Congressional Republicans won’t succeed in undoing the ACA, though, because the president has said he would veto the measure and Democrats in Congress have the votes to block an override. Senators voted 52-47 to pass the legislation. The House has passed a similar bill, and differences between the two must be resolved before the legislation can go to the president.

Both bills also would deny federal funding for Planned Parenthood, the reproductive healthcare organization that has faced criticism by Republicans since undercover videos purported to show its officials discussing reimbursement for providing tissue from aborted fetuses to researchers. Three people were killed in a Nov. 27 shooting at a Planned Parenthood clinic in Colorado Springs, Colorado.

Passing a repeal of most of the 2010 healthcare law means Democrats and Obama can "begin to make amends for the pain and hurt they’ve caused — for all the broken promises, for all the higher costs, for all the failures," Senate Majority Leader Mitch McConnell, a Kentucky Republican, said during Senate floor debate Wednesday.

House Republicans have voted more than 50 times to repeal or delay the law, which Congress enacted with only Democratic votes. This is the first time the Republican-controlled House and Senate have used a procedure aimed at bypassing a filibuster by Senate Democrats’ to get a bill to the president’s desk. No Democrats voted in favor of Thursday’s measure, while Republican Senators Susan Collins of Maine and Mark Kirk of Illinois voted against it.

‘Gesture of futility’

"Everybody knows it’s just a gesture of futility," Senate Democratic leader Harry Reid of Nevada said on the Senate floor Thursday. "We’re wasting our time here today. Everyone knows the result."

The White House said Obama would veto the measure because it would “take away critical benefits and healthcare coverage from hard-working middle-class families.”

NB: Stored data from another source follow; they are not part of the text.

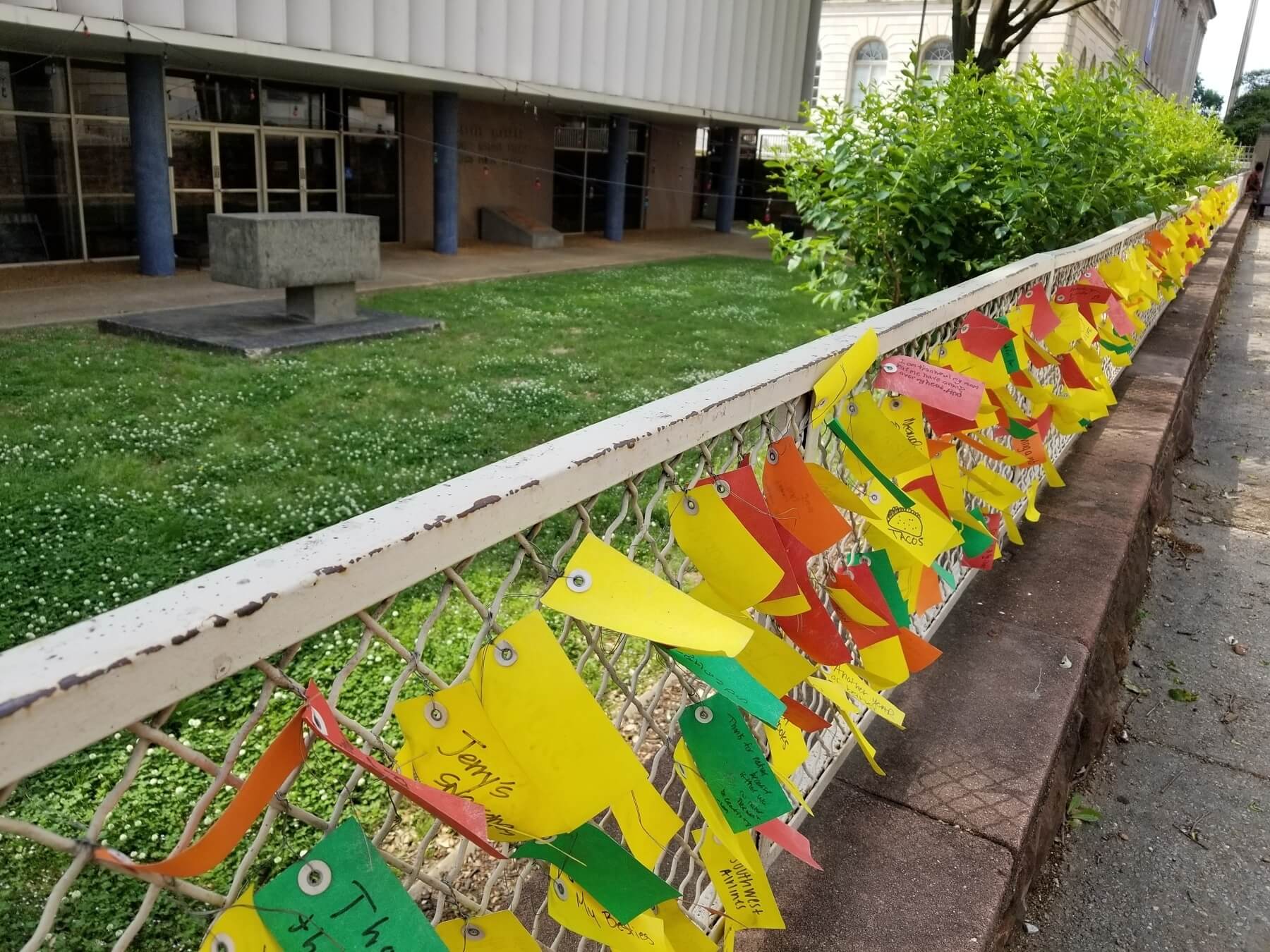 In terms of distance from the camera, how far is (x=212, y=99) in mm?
15008

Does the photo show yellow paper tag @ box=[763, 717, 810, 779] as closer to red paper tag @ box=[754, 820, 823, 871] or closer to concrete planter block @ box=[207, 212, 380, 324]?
red paper tag @ box=[754, 820, 823, 871]

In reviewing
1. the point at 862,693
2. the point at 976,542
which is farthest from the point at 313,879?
the point at 976,542

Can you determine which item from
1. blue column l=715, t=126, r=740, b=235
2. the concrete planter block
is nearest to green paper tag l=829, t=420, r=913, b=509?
the concrete planter block

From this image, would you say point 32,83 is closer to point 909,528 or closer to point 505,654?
point 909,528

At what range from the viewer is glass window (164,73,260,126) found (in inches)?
572

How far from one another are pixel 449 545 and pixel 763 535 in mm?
602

During Thursday’s debate, senators rejected two amendments offered by Democrats to increase gun controls, a day after the mass shooting that killed 14 people in San Bernardino, California. One proposal would have expanded background checks of gun purchasers to most sales on the Internet and at gun shows. The other would have barred firearm purchases by people on terrorist watch lists.

The U.S. Supreme Court has twice upheld key provisions of the Affordable Care Act. The court on June 25 preserved subsidies that help millions of Americans pay their health insurance premiums. Obama said at the time that the law has helped tens of millions of Americans and is here to stay.

Financial penalties

The bill passed by the Senate would end financial penalties for individuals and companies that don’t follow the law’s requirement that they buy insurance for themselves and their workers. It also would end an expansion of the federal-state Medicaid health program for the poor, though Senator John Cornyn of Texas, the second-ranking Republican, has said the legislation would provide a two-year transition to enable people to find alternative coverage.

The Senate version of H.R. 3762 also would repeal the health law’s medical device tax and the so-called "Cadillac tax" on high-cost insurance plans.

The U.S. House on Oct. 23 passed a similar measure, which the Senate revised to conform with its rules and to gain enough Republican votes to pass it. The House measure would go further by repealing altogether the ACA’s requirements that individuals acquire health insurance and that large employers provide it to their workers.

The bill uses a process known as reconciliation that prevents Senate Democrats from blocking it by demanding a 60-vote threshold to advance the measure.

Pre-existing conditions

The healthcare law requires insurers to issue policies and set rates without regard to pre-existing health problems. Without the coverage mandate, the government has said those rules would create an industry “death spiral,” in which only patients with costly health conditions would buy insurance. That would drive up premiums, prompting healthy policyholders to drop coverage, causing still more rate increases, the government contends.

In October, three Senate Republicans, Utah’s Mike Lee and 2016 presidential contenders Marco Rubio of Florida and Ted Cruz of Texas, had said they opposed the House bill because it wasn’t a full repeal of the ACA. All three ultimately voted for the measure.

On Planned Parenthood, Senator Mazie Hirono, a Hawaii Democrat, said the defunding effort was "just one part of the Republican anti-women agenda."

"Defunding Planned Parenthood is nothing more than an attempt by some in Congress to pander to a fringe base," Hirono said on the Senate floor Wednesday. "The fact is that the majority of Americans support Planned Parenthood and healthcare services for women. The continuing efforts to defund Planned Parenthood are false proxies for banning abortion — all that will happen is that women’s healthcare will be at risk."